2. The clause in Section 70(2) of the Act which regulates the Courts proceedings is the following:

The Court shall, on the application of the President of the Board recover the amount as if a decree had been passed for the amount by the Court against the religious Endowment concerned.

3. Now it is contended for the appellant that such an application is governed by Article 182 of the Limitation Act. For this position there is no direct authority, but we think the appellant is entitled to rely upon the ruling reported in re Belvedere Jute Mills, Ltd. Chaitram Sagor Mull v. Hardwari Mull & Co. 31 C.W.N. 1097. In that case the article of the Limitation Act applicable to the enforcing of an award under Section 15 of the Indian Arbitration Act was being considered, and it was held that Article 182 applied. The words of Section 15 are quoted in the head note 'shall be enforceable as if it were a decree of that Court' and it will be seen that these words are precisely similar in significance to the words in Section 70(2) of the present Act 'The Court shall recover the amount as if a decree had been passed'. This position also receives support, though the question of limitation did not there arise, from the ruling of a Bench of the Madras High Court reported in Lakshmindra Tirta Swamiyar v. President of the Board of Commissioners for the Hindu Religious Endowments, Madras I.L.R.(1932) 56 Mad. 712 : 65 M.L.J. 364. It was there held that an appeal lay under Section 47, Civil Procedure Code from an order of the Court passed under Section 70(2) of the Act as the words 'as if a decree had been passed' attract to the order the whole procedure in execution and with it 'the right of appeal'. No ruling to any effect contrary to these authorities has been brought to our notice, and we accordingly hold that Article 182 applies to the present cases. That being so, the applications of the Board could not have been made until three months had elapsed from the date of the Board's demand (i.e., until August 1930) and being made in November 1930 were clearly in time.

4. The only question which remains is whether the District Judge even if he had held the applications to be in time could yet have examined the demand of the Board On its merits and come to the conclusion that no demand should be made for more than three years' arrears of contribution. We do not think the District Judge would have this power. On the principles laid down in Lakshmindra Tirta Swamiyar v. President of the Board of Commissioners for the Hindu Religious Endowments, Madras I.L.R.(1932) 56 Mad. 712 : 56 M.L.J. 364 we think the District Judge would be in the same position as any other executing Court and would be precluded from deciding whether the demand was right or wrong, just as in execution it is forbidden to the. executing Court to go behind the plain words of a decree. On this point too, there is clear authority derived from the construction of the terms of a similar section in another Act. In Section 42(5), of the Co-operative Societies Act it is provided that 'orders made under this section, shall, on application, be enforced as follows' (a) when made by a liquidator, by any Civil Court haying local jurisdiction in the same manner as a decree of such Court. Mathura Prasad v. Sheobalak Ram I.L.R.(1917) 40 All. 89 deals with an instance of such a liquidator's order and it was held that the Court could not consider whether that order was right or wrong but was bound to enforce it.

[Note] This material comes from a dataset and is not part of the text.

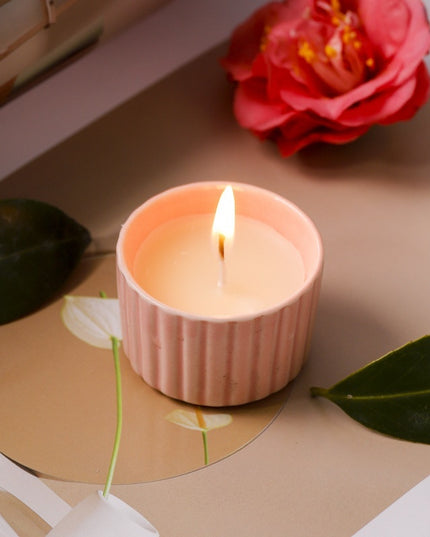 Indoor Durable Aromatherapy Soy Candles Bedroom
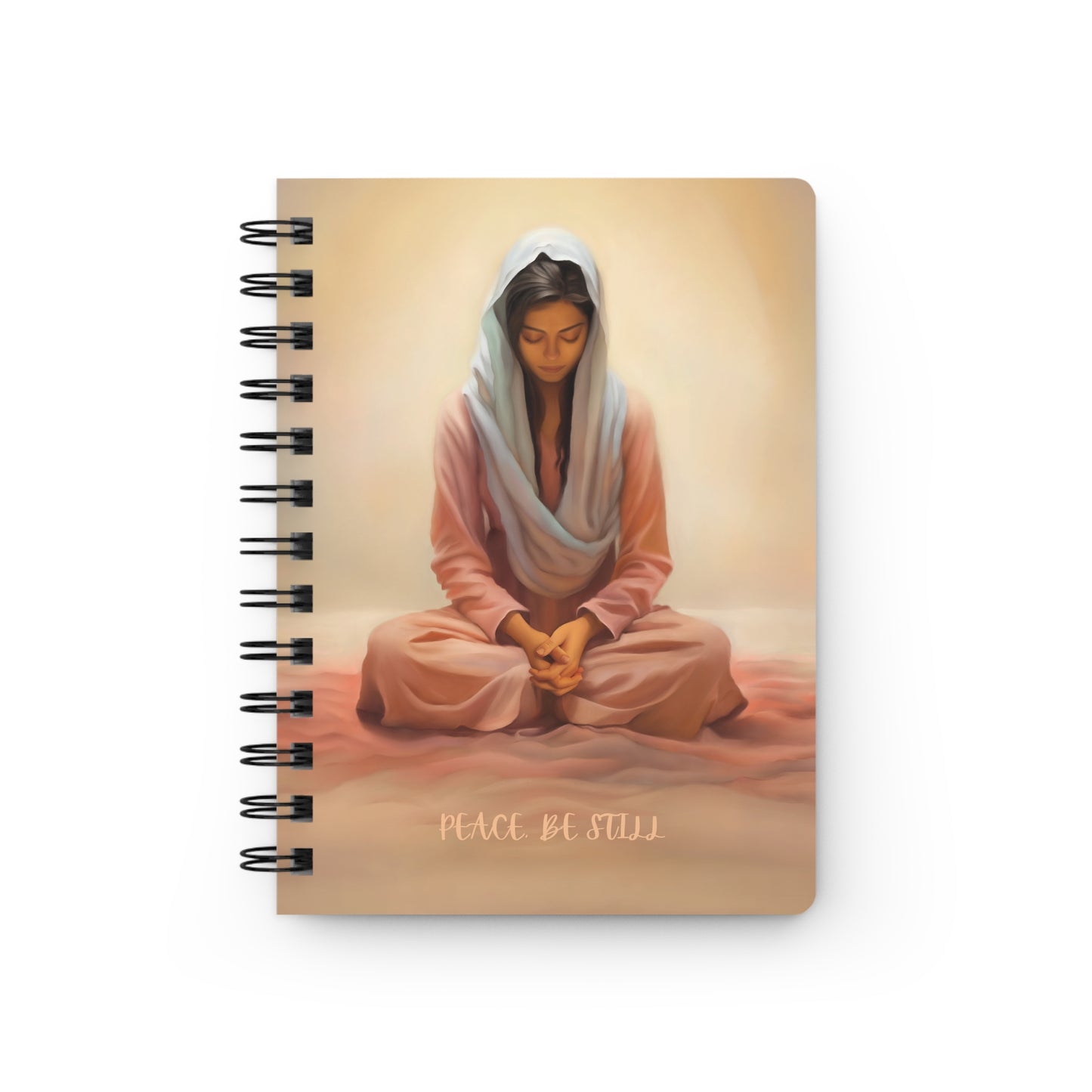 Stillness Spiritual Stationary, Missionary Spiritual Journal and Mindfulness gift, Meditation gift, Spiral Bound Journal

5. We are therefore of opinion that the present order of the learned District Judge in so far as it is appealed against cannot be supported in any manner and must be set aside and the Board's applications restored to file, and disposed of according to law. We are not unmindful of the possible injustice which might result from this interpretation of Section 70(2), as the learned District Judge has pointed out in para. 6 of his order, but that is a matter which can be remedied only by the Legislature and not by the Courts. The appeals are thus allowed with costs throughout of one appeal.